Last week, I wrote the BCS was headed towards major controversy this season with four (eligible) teams on the road to perfect records.
Well, here we are one week later and that statement no longer applies.
Sure, there are still three teams on their way to undefeated regular seasons, but if Alabama can be upset, there is no doubt the possibility exists for Oregon, Kansas State and Notre Dame.
Instead, the college football scene is now faced with a different set of circumstances surrounding the title game: a championship without a Southeastern Conference team. No one gave this ending a thought at the beginning of the season. But it’s the direction college football is currently headed, and one the nation hasn’t had since it seems the time dinosaurs roamed the earth.
The year was 2006. Jan. 4, 2006 to be exact.
Big 12 champion Texas beat out Pac-10 champion USC in the Rose Bowl, which served as the championship game that season. But since this time and the beginning of the separately named BCS National Championship game, an SEC team has not only played in each year’s game, but come away with the Coaches’ Trophy every time.
SEC newcomer Texas A&M may have upset the top-ranked team in the nation, a storyline most fans enjoy to see unfold, but it also, in high likelihood, put an end to the SEC’s monopoly on college football’s greatest prize.
Most college football fans are more excited about the end of the SEC presence in the game than in the fall of the Crimson Tide. The door is now wide open for other conferences to fight their way to a national title. A championship game pairing between teams from both the Big 12 and Pac-12 (something that hasn’t occurred since 2006) appears to be a very good possibility right now between No. 1 Kansas State and No. 2 Oregon.

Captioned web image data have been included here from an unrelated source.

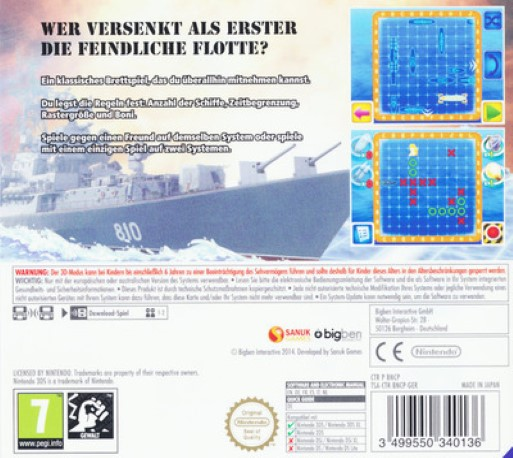 Navy Commander — box-2D-back (DE)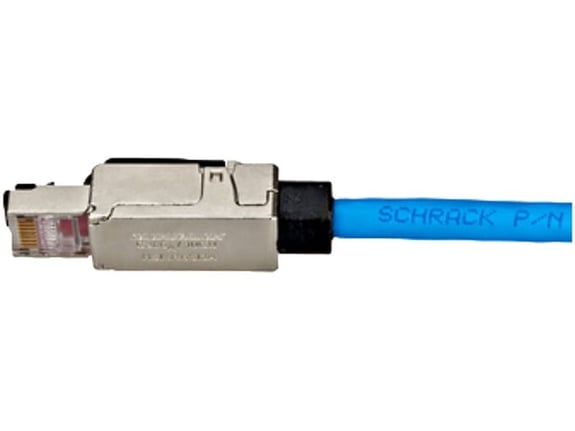 Schrack Modularni utikač za instalacione kablove RJ45 HSISR6SI3A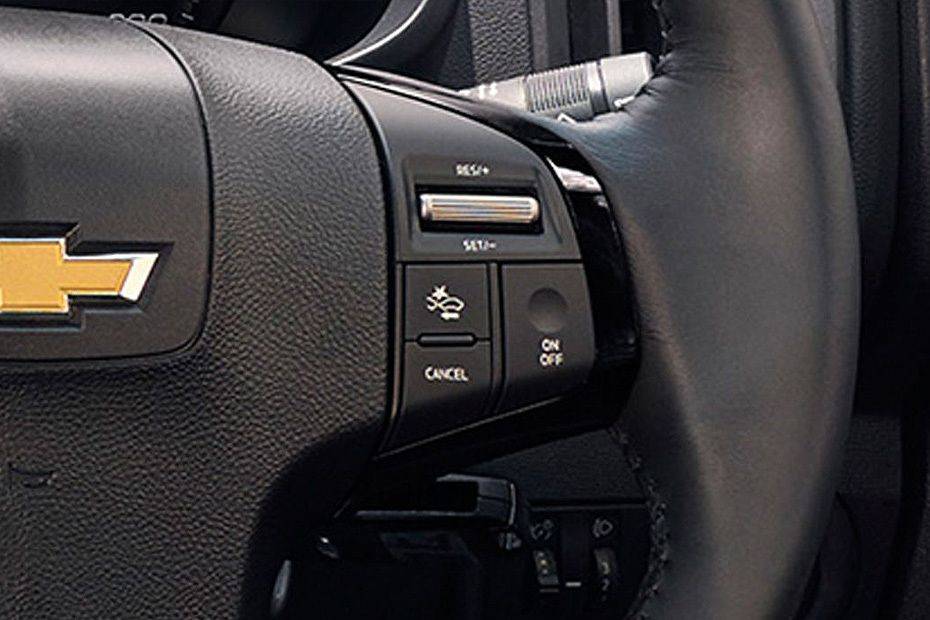 Chevrolet Colorado Multi Function Steering Chevrolet Colorado Multi Function Steering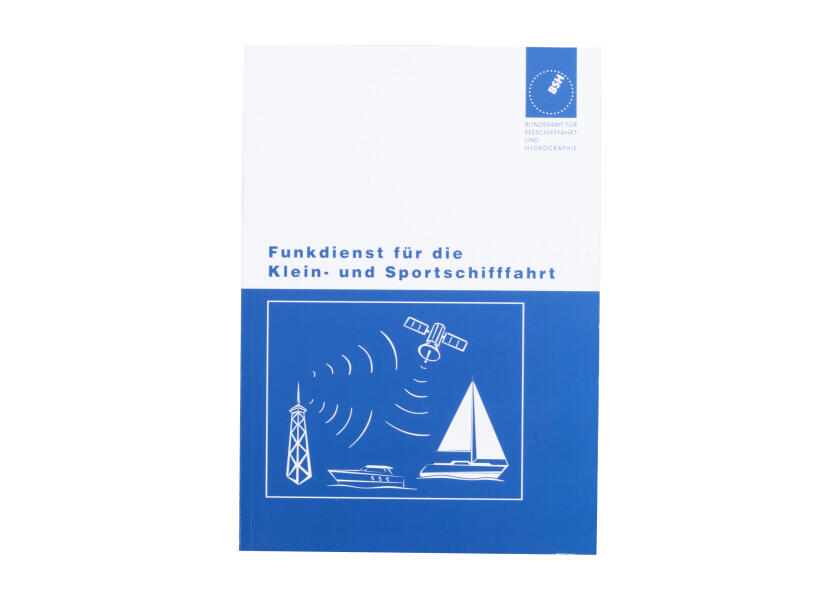 Купить BSH 2155 Funkdienst für die Klein- und Sportschifffahrt 7ft.ru в интернет магазине Семь Футов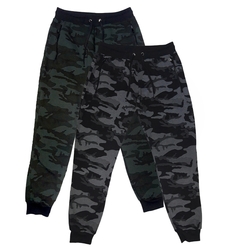 Jogging Camuflado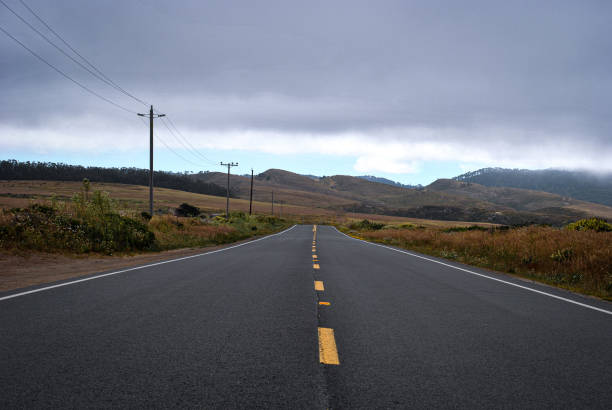 istock The road to Point Reyes 1438068968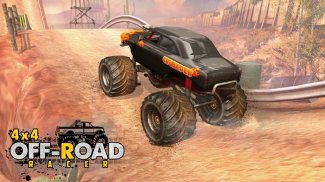 4X4 OffRoad Racer - Racing Games screenshot 6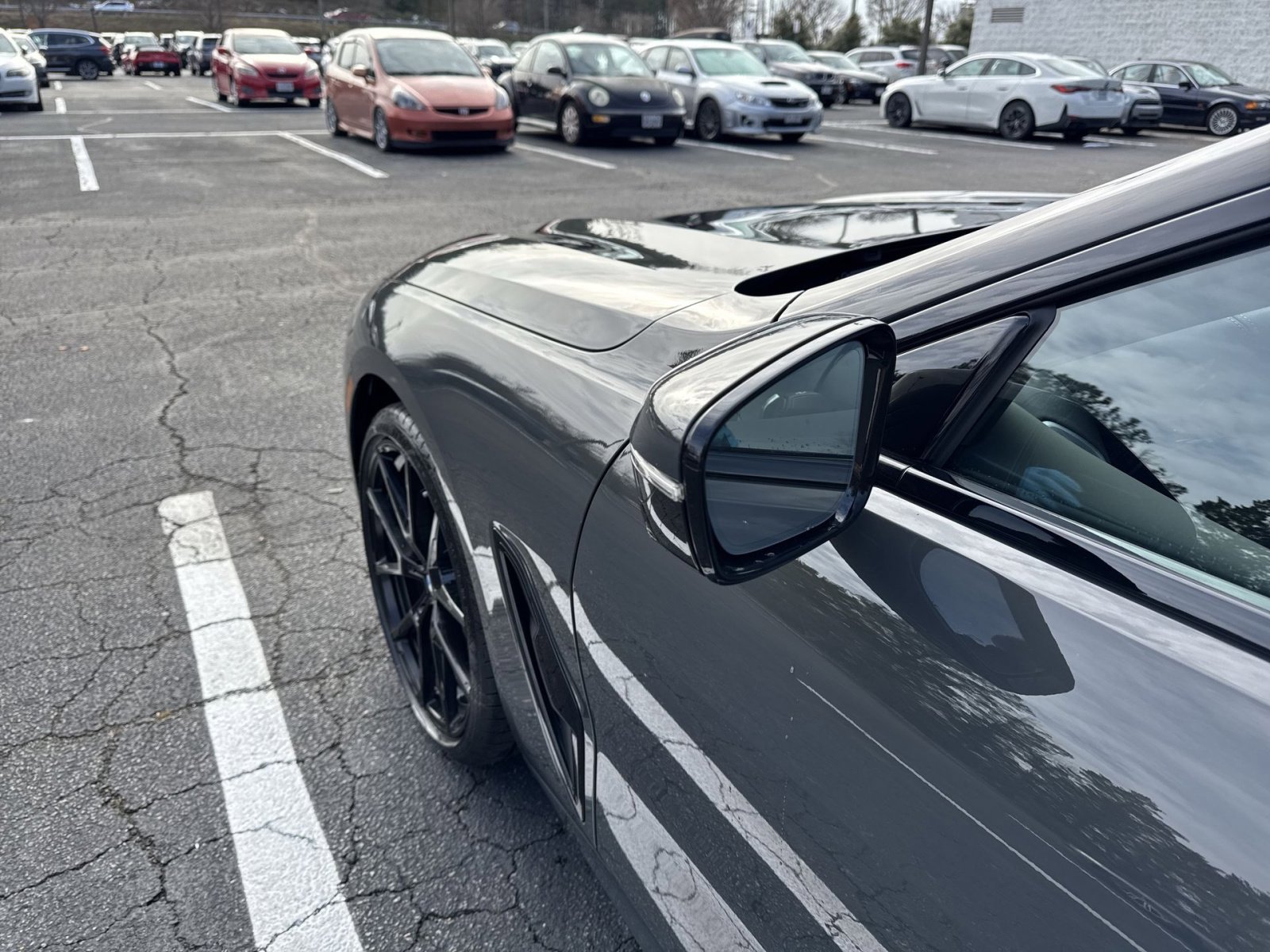 New 2026 BMW 840i xDrive image 6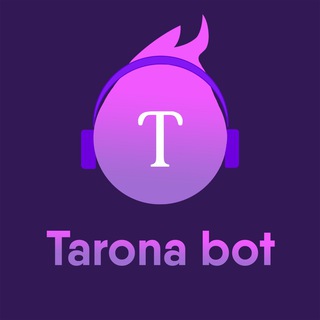 Tarona Bot | Shazam logo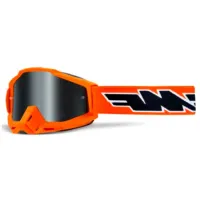 OCULOS POWERBOMB ESPELHADO LARANJA - FMF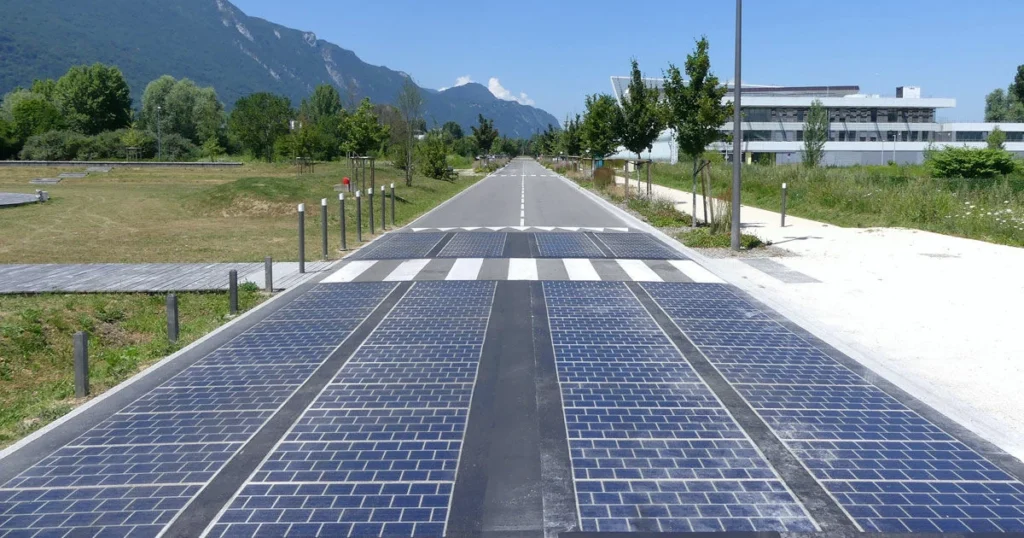 carreteras solares El Chapuzas Informático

While I am excited for the very real possibility that a team from outside the SEC will take home the title as the nation’s best this year, I don’t believe the lack of a team from the SEC in the championship game wipes away the dominance of the conference.
The simple fact is that no team in college football has beaten the elite programs of the SEC this season. Alabama may have been downed Saturday, but it was at the hands of a fellow conference member.
The same goes for No. 5 Georgia, who fell to No. 9 South Carolina and then beat No. 6 Florida two weeks later. Bring in the other top SEC programs like No. 7 LSU, South Carolina and the emerging power No. 8 Texas A&M, who have each accumulated two losses this year all to SEC foes, and the picture is clear.
The SEC is at a disadvantage from finishing with a clean slate because they play in the toughest conference in college football, hands down.
Any idea when the last time one of the four best SEC teams at the end of a season lost to a non-conference opponent? Two seasons ago it happened just once, when Arkansas lost to Ohio State in the Sugar Bowl.
No other BCS conference comes even close to boasting all-around success like the SEC. In this week’s BCS ratings, after undefeated Kansas State, Oregon and Notre Dame at the top three spots, you hit Alabama at No. 4 and then five SEC programs consecutively fall in line. You read it right, six teams from a single conference are currently in the BCS Top 10.
You could argue individual programs compare to those in the SEC. Oregon comes to mind with two trips to the Rose Bowl and a loss in the BCS Championship game in the past three season under the direction of coach Chip Kelly. Ohio State is always a competitive team, although it’s endured turmoil to that status in recent years. But, under the direction of Urban Meyer, the program will likely see even more success in the coming years after this year’s ban on post-season play is served. But you don’t see a conference that continuously produces multiple top programs each year like the SEC.
As the season looks now, the SEC will not have a seventh-consecutive national title to show the unarguable fact that they are the best. The conference will be at the mercy of losses from two of the three undefeated teams for a spot in the title game. If two teams remain undefeated this season, there is no question they deserve a chance to play for the championship. But until Alabama, or whichever SEC team is its best moving forward, is overthrown by a non-conference program, the SEC’s dominance in college football will remain.